Solaris Service Level Management
Service Level Definitions and Interactions
This section starts with a high level view of service level management and defines a terminology that is based on existing practices.
Computer systems are used to provide a service to end users. System and application vendors provide a range of components that can be used to construct a service. System managers are responsible for the quality of this service. A service must be available when it is needed and must have acceptable performance characteristics.
Service level management is the process by which information technology (IT) infrastructure is planned, designed, and implemented to provide the levels of functionality, performance, and availability required to meet business or organizational demands.
Service level management involves interactions between end users, system managers, vendors and computer systems. A common way to capture some of these interactions is with a service level agreement (SLA) between the system managers and the end users. Often, many additional interactions and assumptions are not captured formally.

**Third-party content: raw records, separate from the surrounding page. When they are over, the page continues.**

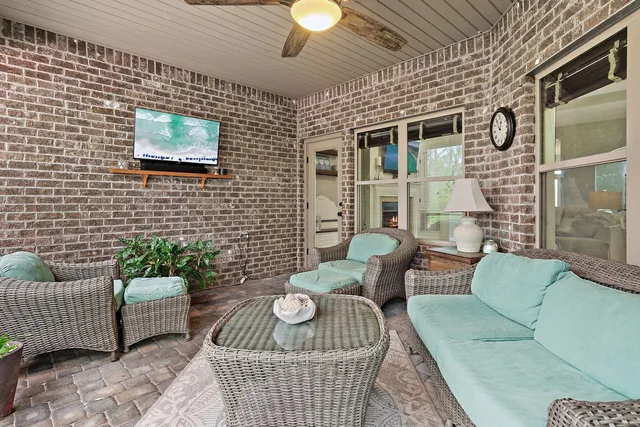a view of a patio with couches chairs and wooden floor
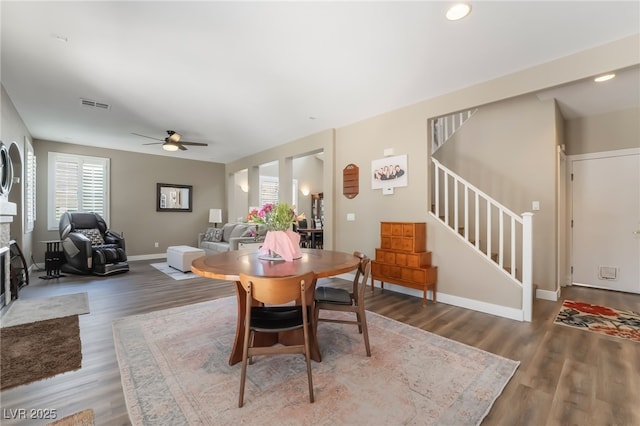 dining area featuring stairway, wood finished floors, ceiling fan, baseboards, and recessed lighting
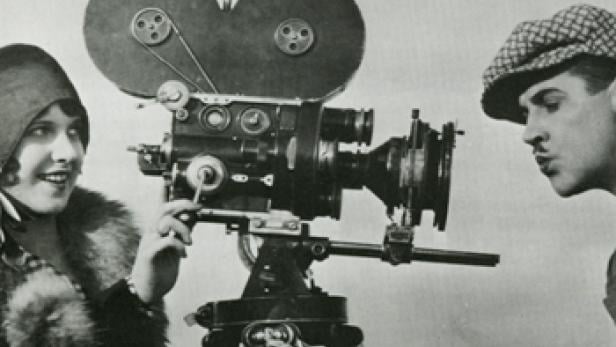 Eine Frau und ein Mann stehen neben einer alten Filmkamera.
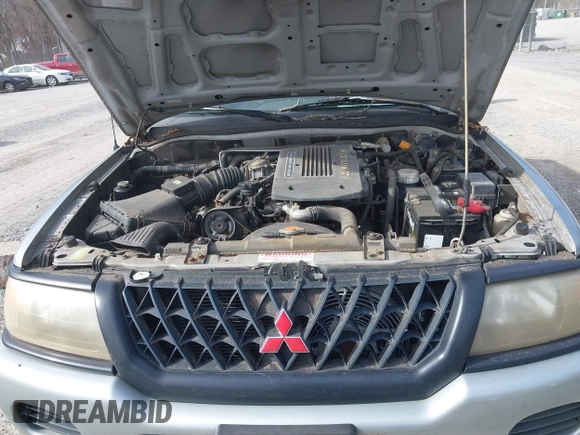 2000 Mitsubishi Montero LS z VIN JA4LS31H9YP005577, wystawiony jako IAAI lot #41590624 z przebiegiem 149 625 mil mil oraz . Historia ofert i sprzedaży dostępna na DreamBid. Obrazek 10.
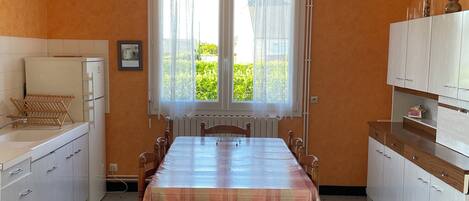 Une cuisine de taille réduite avec une table à manger, des meubles blancs et une fenêtre avec des rideaux.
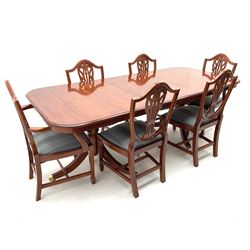 Yew wood twin pedestal extending dining table, shaped supports and brass castors (W216cm, D100cm, H77cm) and six (4+2) chairs, shaped back and upholstered in patterned fabric raised on fluted supports (W52cm)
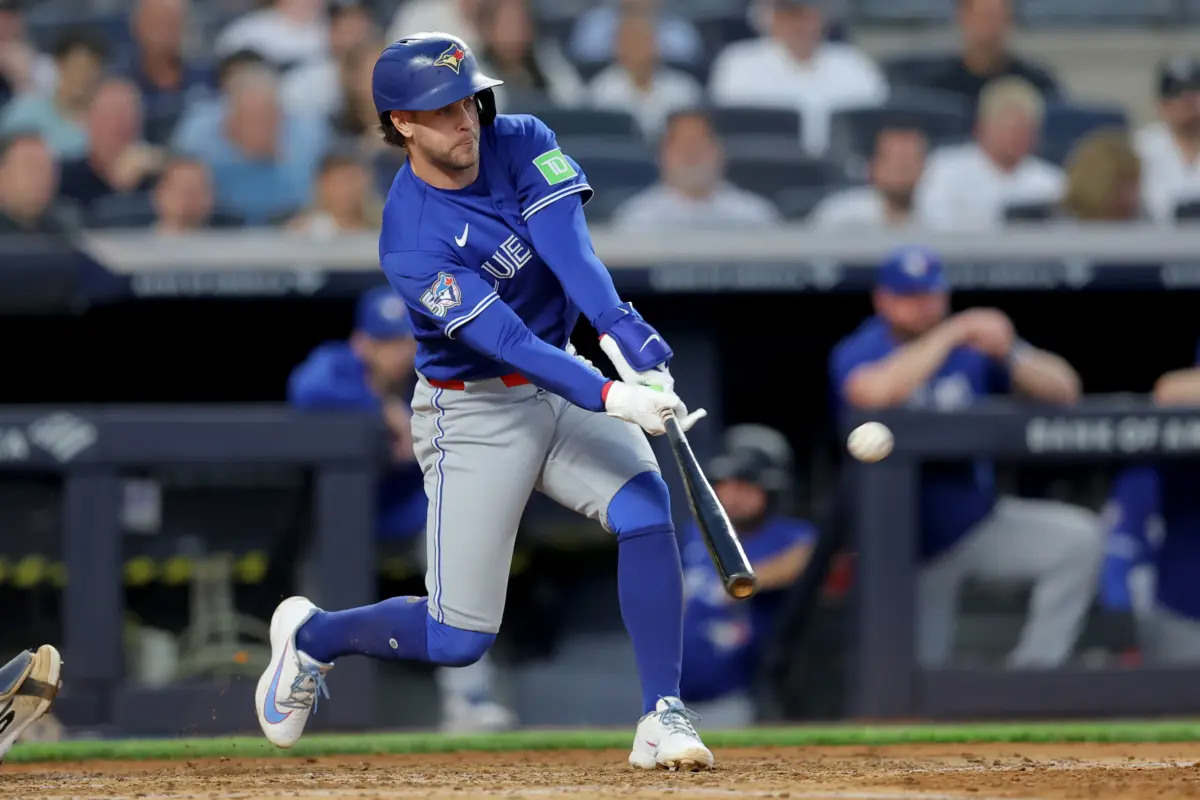 Toronto Blue Jays shortstop Ernie Clement hitting a three-run home run vs the New York Yankees during the fourth inning at Yankee Stadium in Bronx, New York on May 18, 2026.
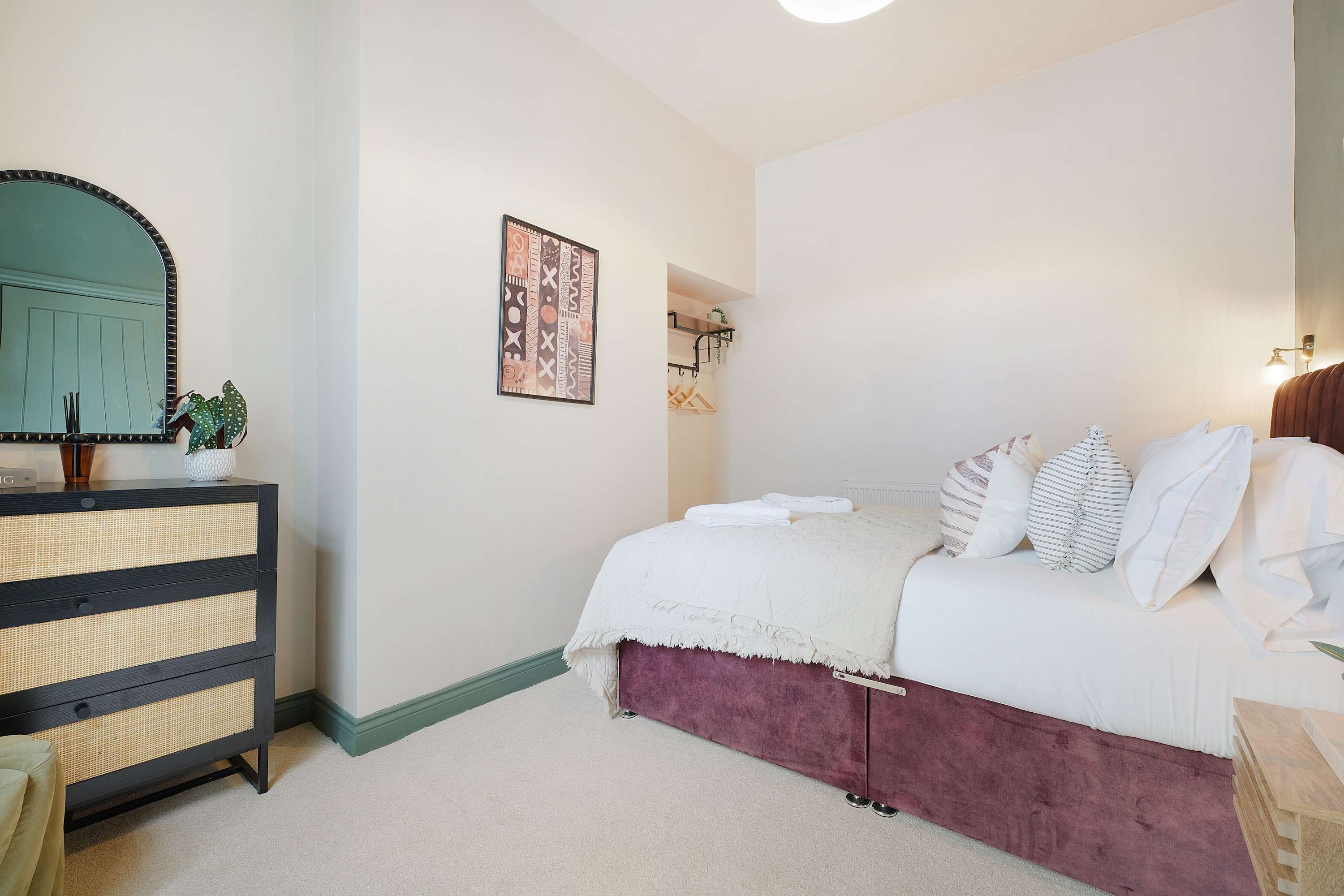 Een slaapkamer met een bed, een dressoir, een spiegel, een kunstwerk aan de muur en een deur naar een andere kamer.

Service level management interactions are shown in FIGURE 2-1. Each interaction consists of a service definition combined with a workload definition. There are many kinds of service definitions and many views of the workload. The processes involved in Service Level Management include creating service and workload definitions and translating from one definition to another.
The workload definition includes a schedule of the work that is run at different times of the day (for example, daytime interactive use, overnight batch, backup, and maintenance periods). For each period, the workload mix is defined in terms of applications, transactions, numbers of users, and work rates.
The service level definition includes availability and performance for service classes that map to key applications and transactions. Availability is specified as uptime over a period of time and is often expressed as a percentage (for example 99.95 percent per month). Performance may be specified as response time for interactive transactions or throughput for batch transactions.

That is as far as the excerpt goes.